Records for this exercise:

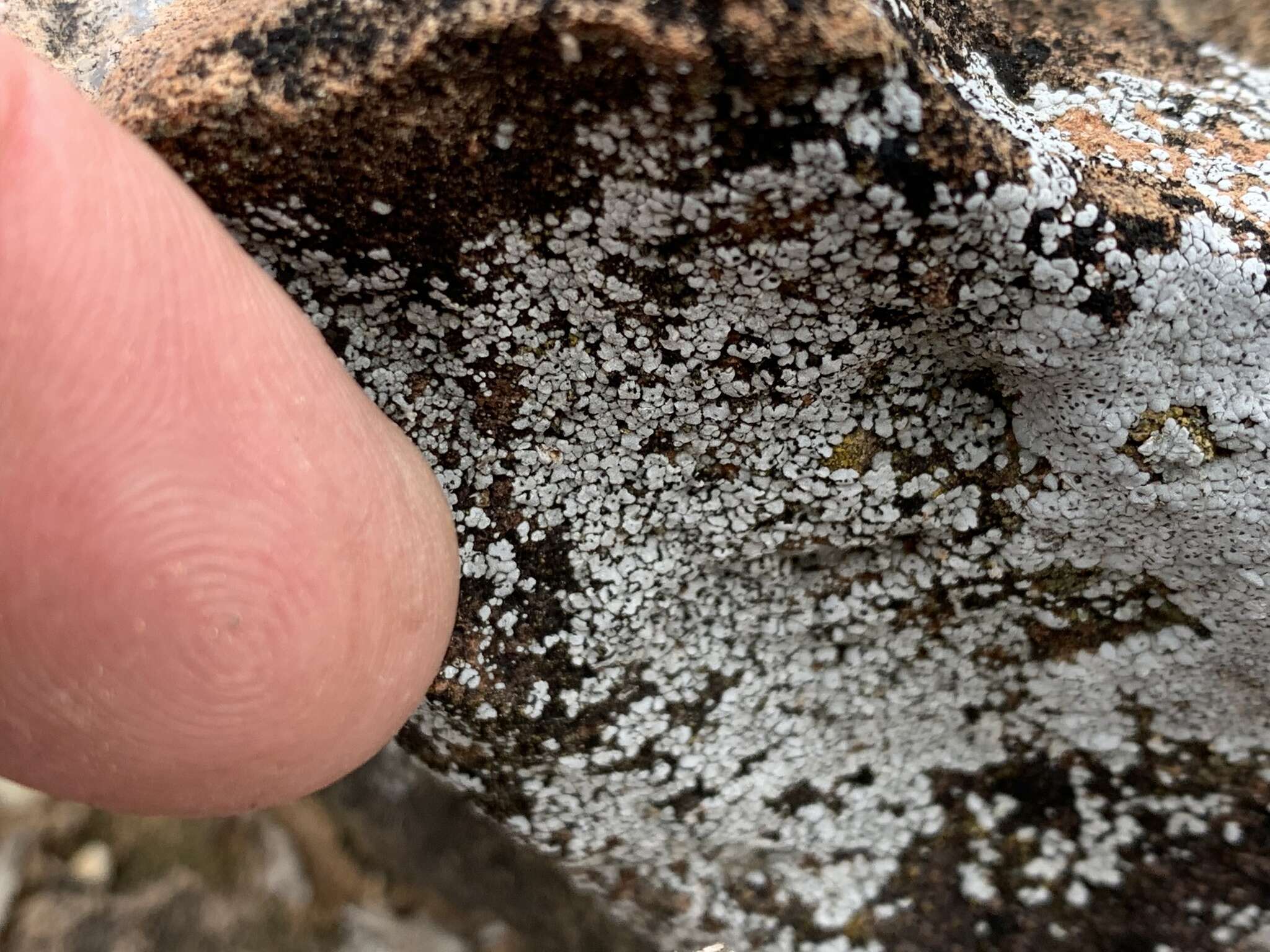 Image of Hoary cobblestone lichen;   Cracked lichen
---
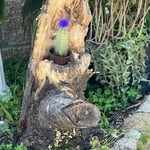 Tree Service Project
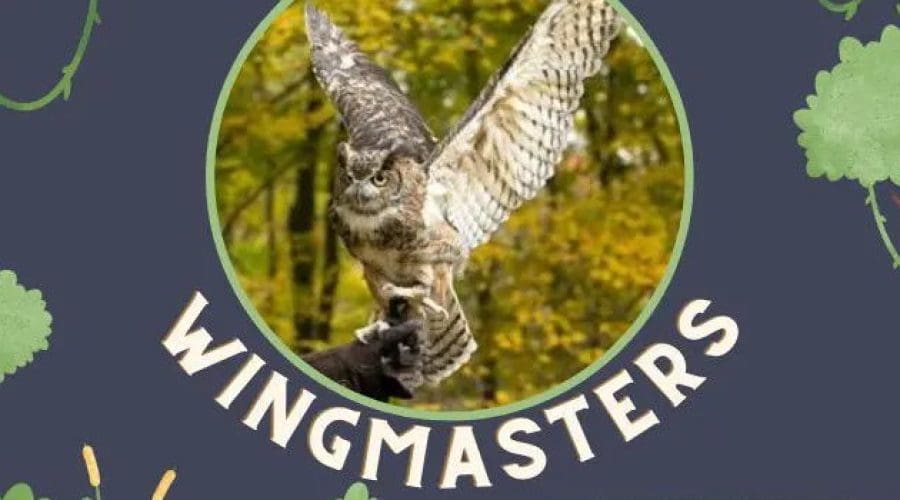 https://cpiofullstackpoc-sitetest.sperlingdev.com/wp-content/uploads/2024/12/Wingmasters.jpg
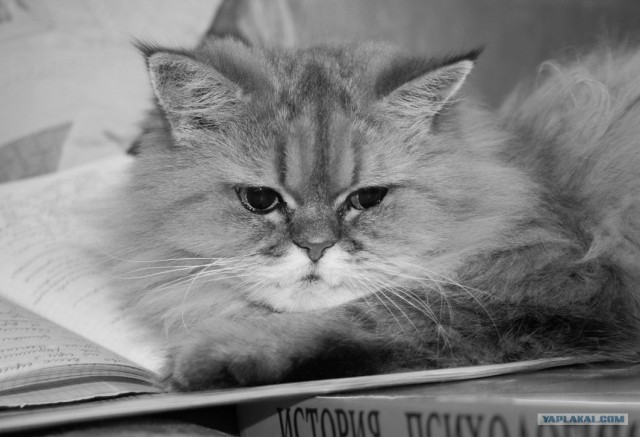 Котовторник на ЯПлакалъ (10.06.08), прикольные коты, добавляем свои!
* * *
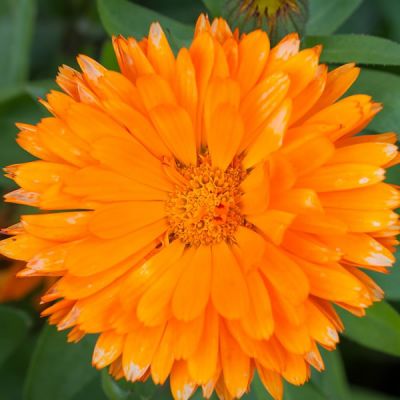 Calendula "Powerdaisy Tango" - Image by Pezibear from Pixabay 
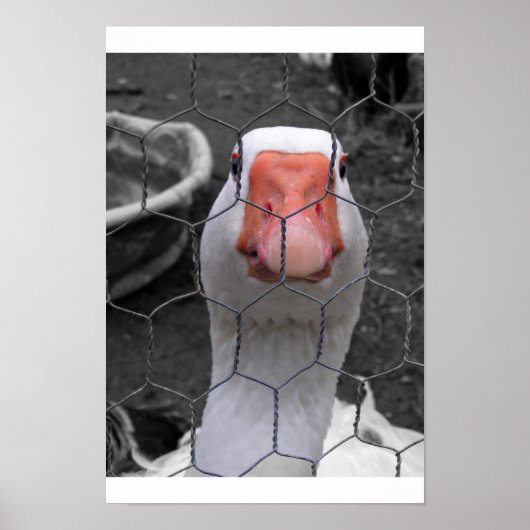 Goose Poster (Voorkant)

Brief: An exact copy of the lines above from the one with "Pezibear from Pixabay" up to and including the one with "Goose Poster (Voorkant)" is required; reproduce only those lines, omitting all pictures.

Answer to this exercise:
 Calendula "Powerdaisy Tango" - Image by Pezibear from Pixabay 
 Goose Poster (Voorkant)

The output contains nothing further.